─── RECORDS FOR THE EXERCISE
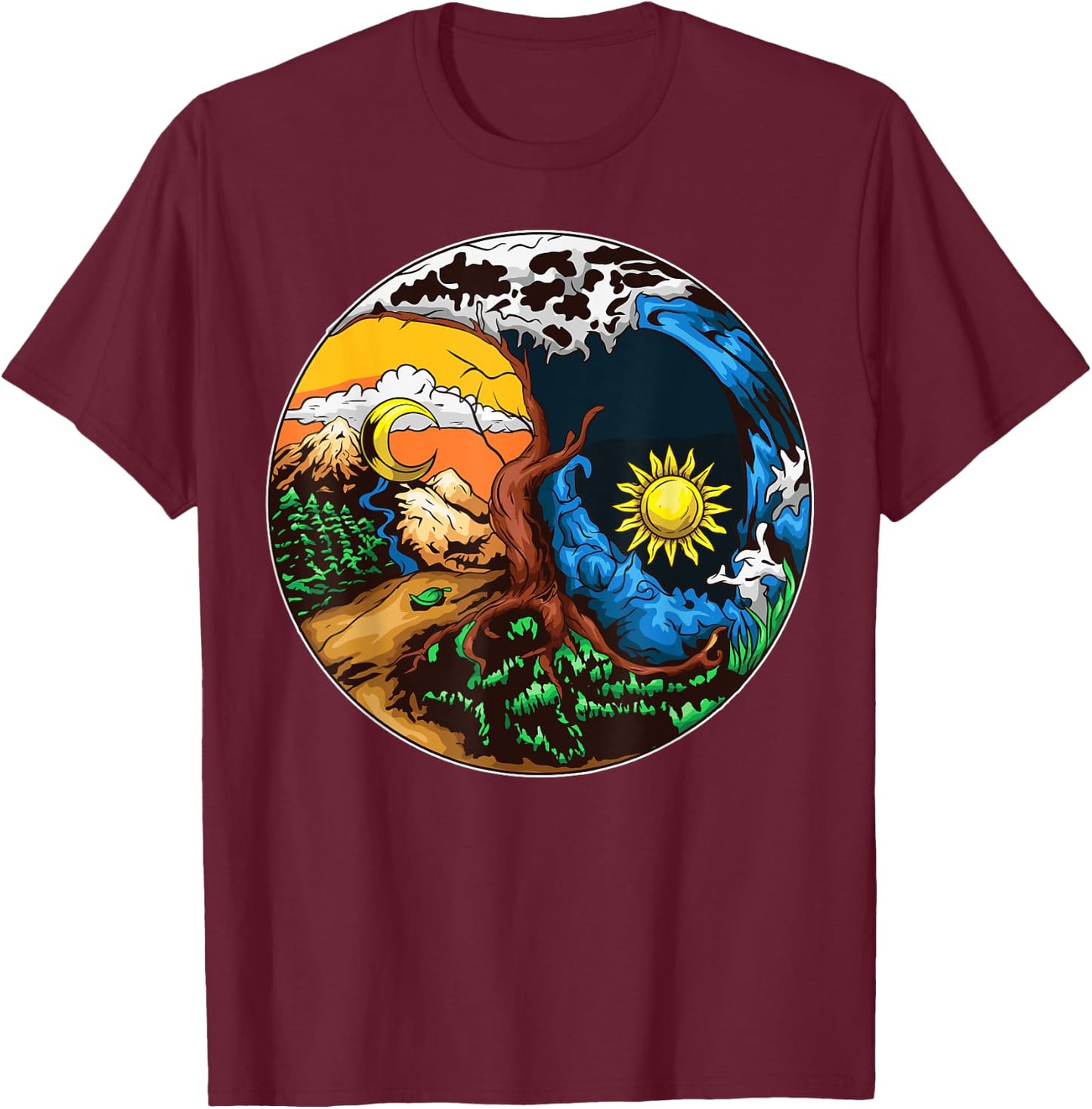Yin Yang Happy Yin Yang Shirt Love Your Mother Earth Black Adult Classic Fit Short Sleeve Save Planet Shirt T-Shirt - T-Shirt | Maroon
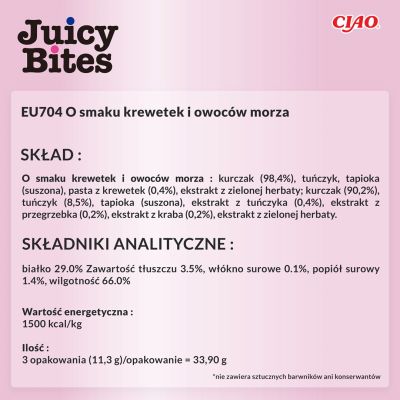 7. INABA Juicy Bites O smaku krewetek i owoców morza - przysmak dla kota - 3x11,3 g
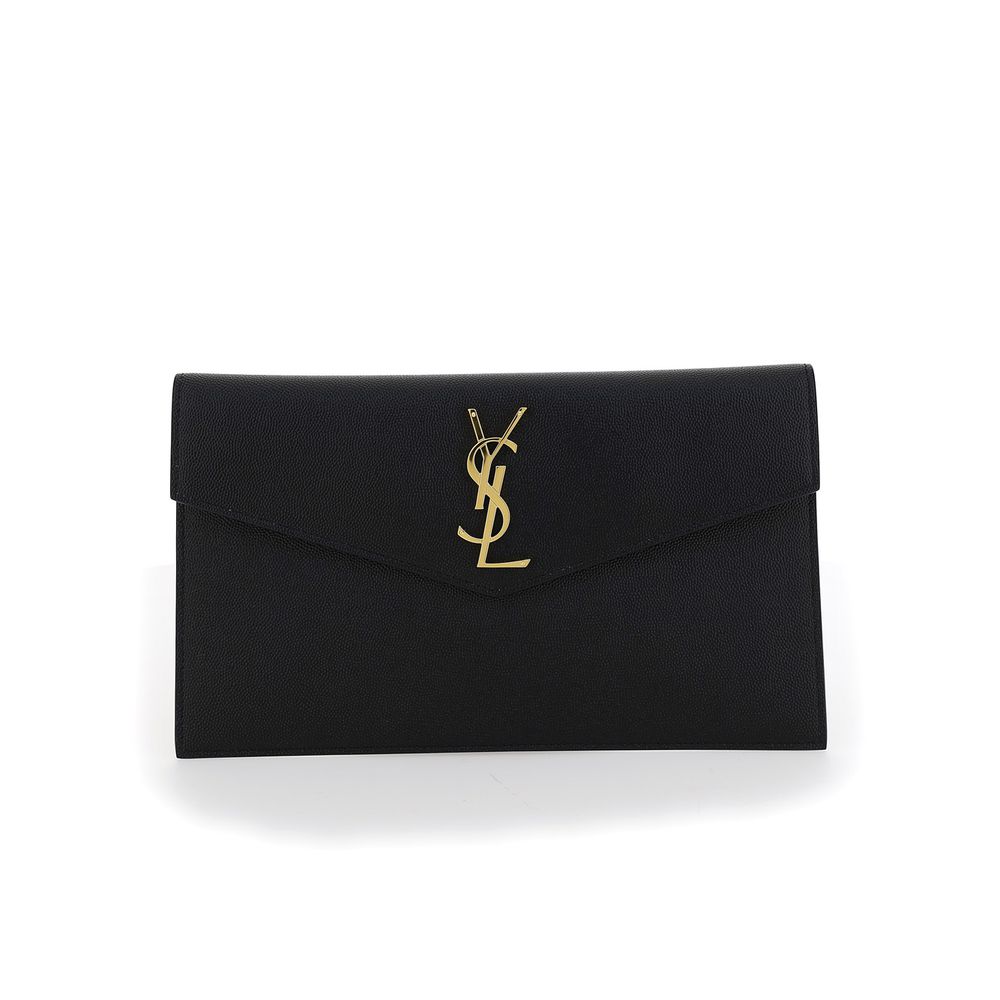 Saint Laurent Schwarzes Kalbsleder Bos Taurus Portemonnaie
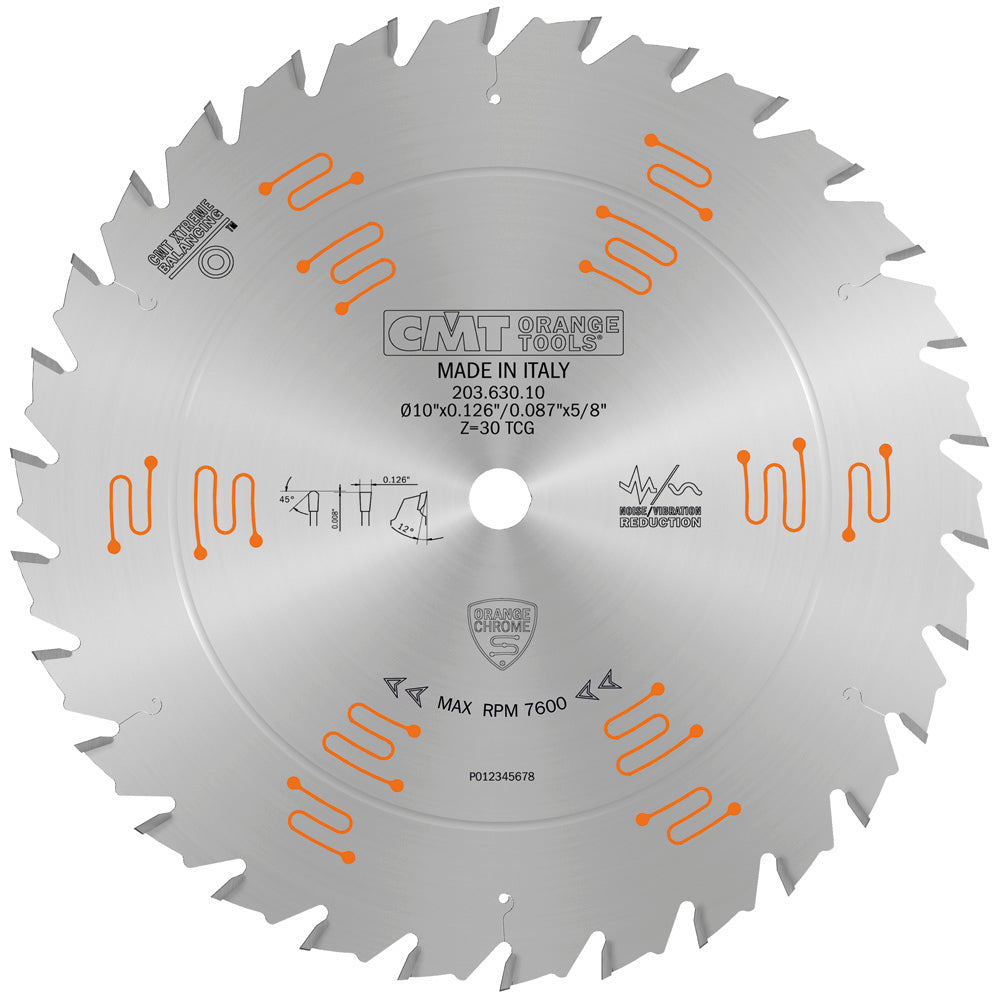 CMT 203.630.10 HEAVY-DUTY GLUE LINE RIPPING 10x0.126”/0.087”x5/8’’ T=30 TCG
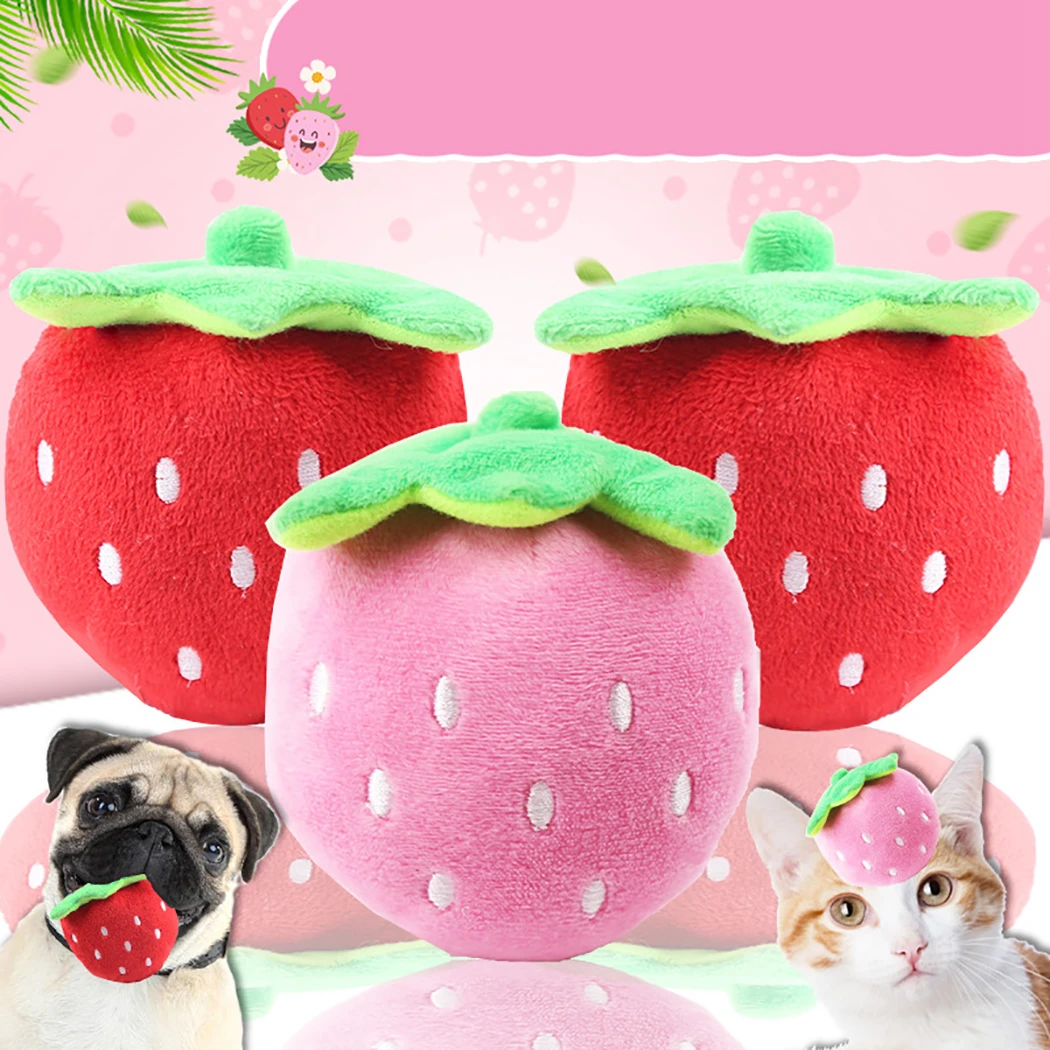 6pcs Plush Dog Squeak Toy for Small Dogs Cute Fruits Strawberry Shape Pet Dogs Sounding Toys Cat Puppy Squeaky Rope Chew Toys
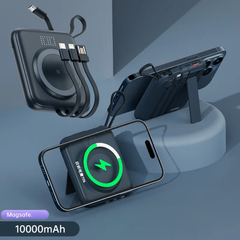 Беспроводной магнитный павербанк 10000 mAh Magnetic Q12 with 3 Cabels для iPhone MagSafe Black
──────
**TO DO**
From the line that holds "CMT 203.630.10 HEAVY-DUTY" to the last line of the records, please copy each line exactly and nothing else. Pictures stay out.

**ANSWER TO THIS PROBLEM**
 CMT 203.630.10 HEAVY-DUTY GLUE LINE RIPPING 10x0.126”/0.087”x5/8’’ T=30 TCG
 6pcs Plush Dog Squeak Toy for Small Dogs Cute Fruits Strawberry Shape Pet Dogs Sounding Toys Cat Puppy Squeaky Rope Chew Toys
 Беспроводной магнитный павербанк 10000 mAh Magnetic Q12 with 3 Cabels для iPhone MagSafe Black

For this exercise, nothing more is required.